By Gautaman Bhaskaran

TOKYO, OCT. 28. The 14th Tokyo International Film Festival began last evening with an animated feature, ``Shrek'' by Mr. Andrew Adamson and Mr. Vicky Jennson. With the festival slated to close also with an animated movie, Walt Disney's ``Atlantis: The Lost Empire'', it is apparent that Japan holds cartoons and caricatures in high esteem in a society that cherishes visuals, and hardly ever loses an opportunity to use a comic drawing.

It can be at an entrance to a railway station, it can be on the screen of your cellular telephone instrument. What, however, did not seem as picturesque on the festival's opening night was the absence of stars, both Japanese and Hollywood. Directors like Mr.
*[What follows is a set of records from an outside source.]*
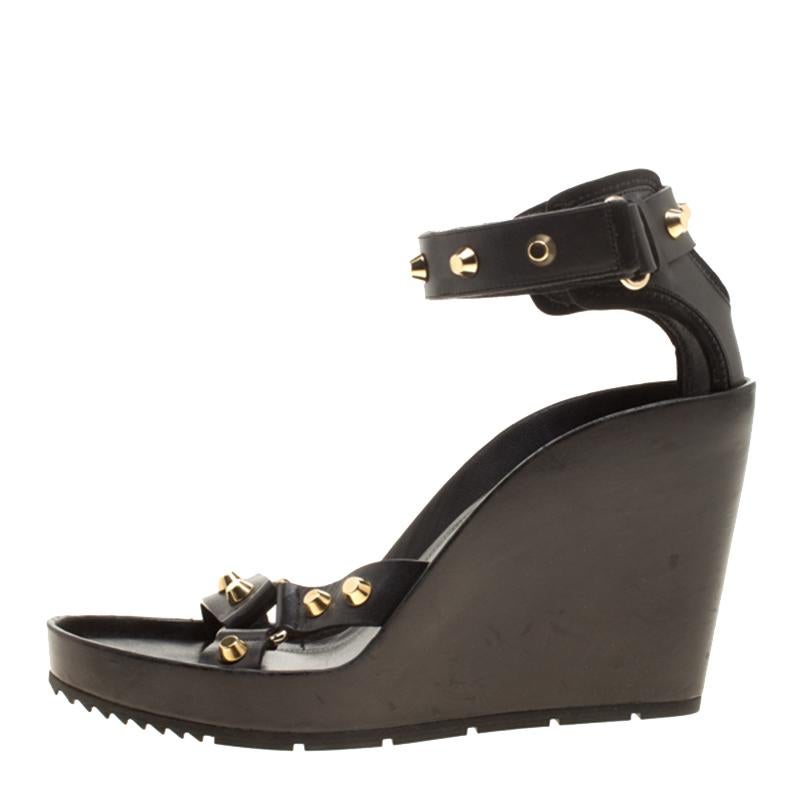 This pair of wedge sandals by Balenciaga is lovely. They've been wonderfully styled with leather straps, stud detailing and elevated on 12 cm wedges. Complete with comfortable leather insoles, this pair is a must-have.



Includes: Original Box,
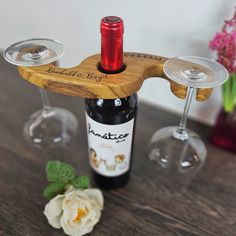 there is a wine glass holder on the table next to two wine glasses and a flower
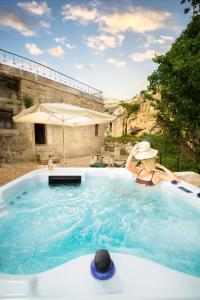 a woman is sitting in a jacuzzi tub at Cappadocia Splendid Cave Hotel in Ortahisar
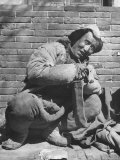 Typical Mongol Type Sitting by Street Photographie par George Lacks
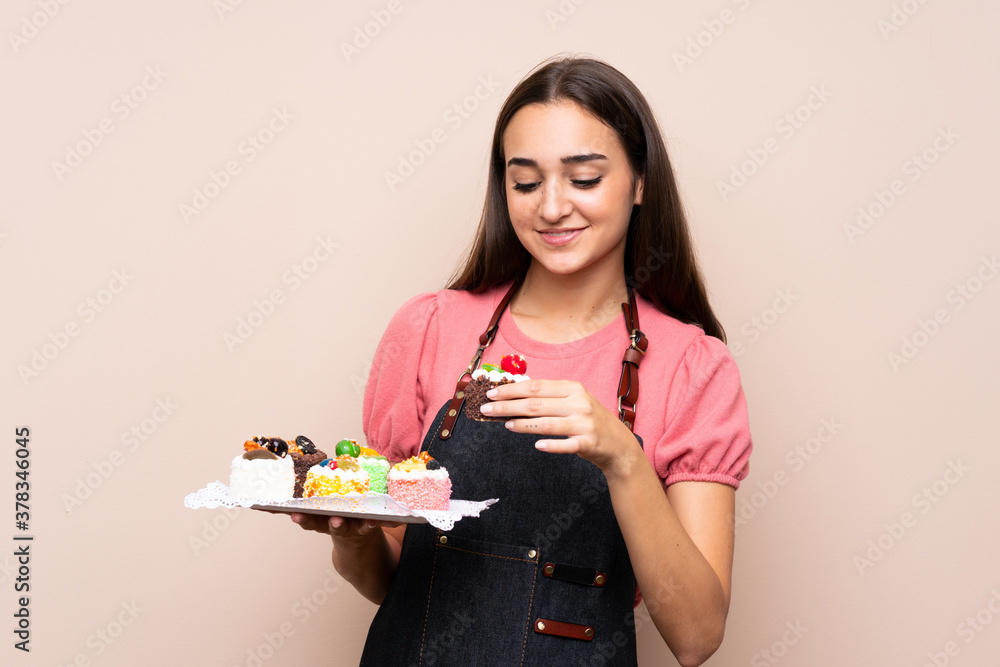 Young woman over isolated background holding mini cakes Young woman over isolated background holding mini cakes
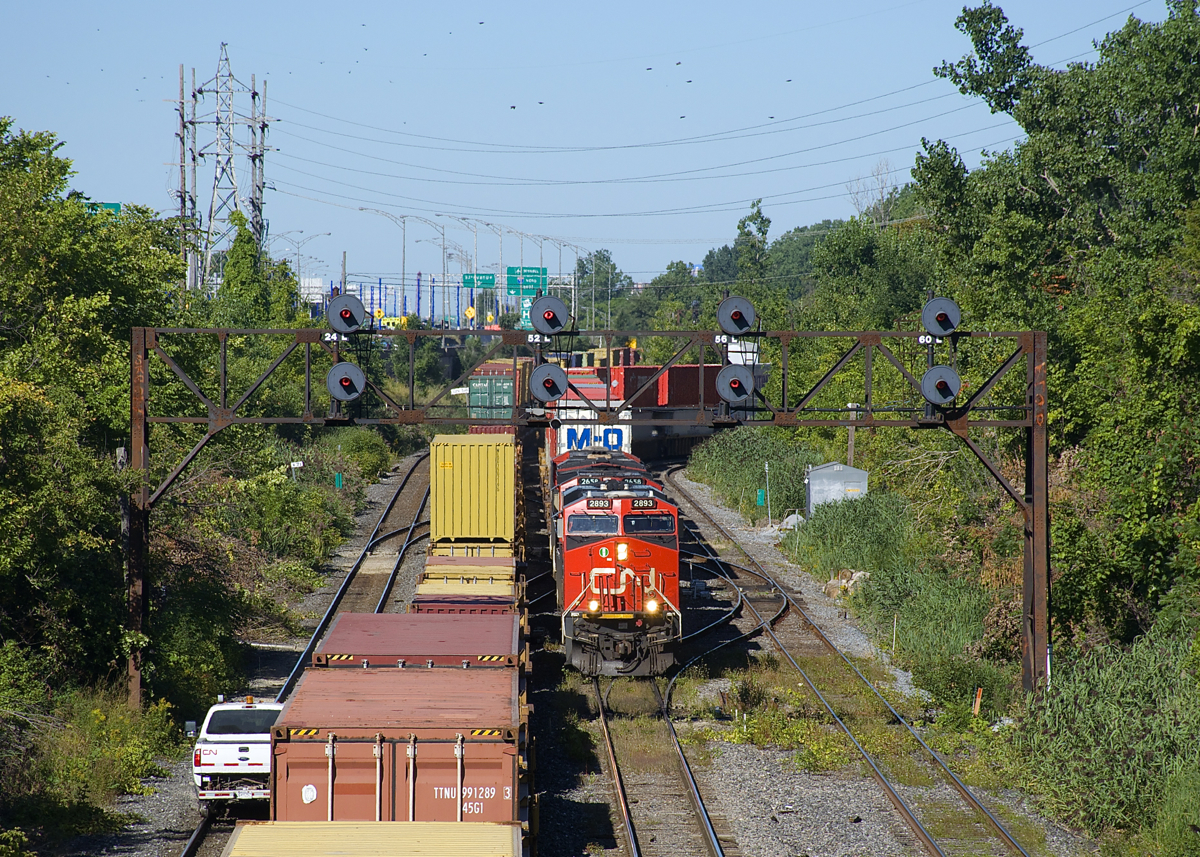 CN 120 (with CN 2893, CN 2658 & CN 2956 up front and CN 2858 mid-train) is exiting Taschereau Yard on the freight track, just as CN 149 is passing on the north track. The south track is also occupied, with a hi-railer stopped.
Steven Spielberg and Ms. Sally Potter cancelled their trip to Tokyo, because of the war in Afghanistan.

Some American stars too failed to light up the occasion which began with a musical composition in memory of all those who died in the terror attacks on Sept. 11. Interestingly, one Japanese cinema critic quipped, ``but what about those being killed in Afghanistan now''.

The Tokyo Festival's strength lies in its huge prize monies that it offers to virtual novice directors. There are 14 films in competition - by men or women who have not made more than three movies - though there are none from India.

Mr. Murali Nair's ``A Dog's Day'' in Malayalam is slotted in the Cinema Prism section, which is entirely an Asian basket, and has been considered, over the years, to be more important than competition itself.

This year, the festival's new Director-General, Mr. Michiyasu Kawauchi, has, however, vowed to make the event as important as Cannes or Berlin or Venice.

This looks like a tall order, given the fact that Korea's Pusan International Film Festival and even the relatively smaller, Fukuoka International Film Festival have carved for themselves significant niches on the global map.

But Tokyo's importance as a centre for the latest Japanese works perhaps remains undisputed. It is here in this festival that the best of Japanese cinema can be seen.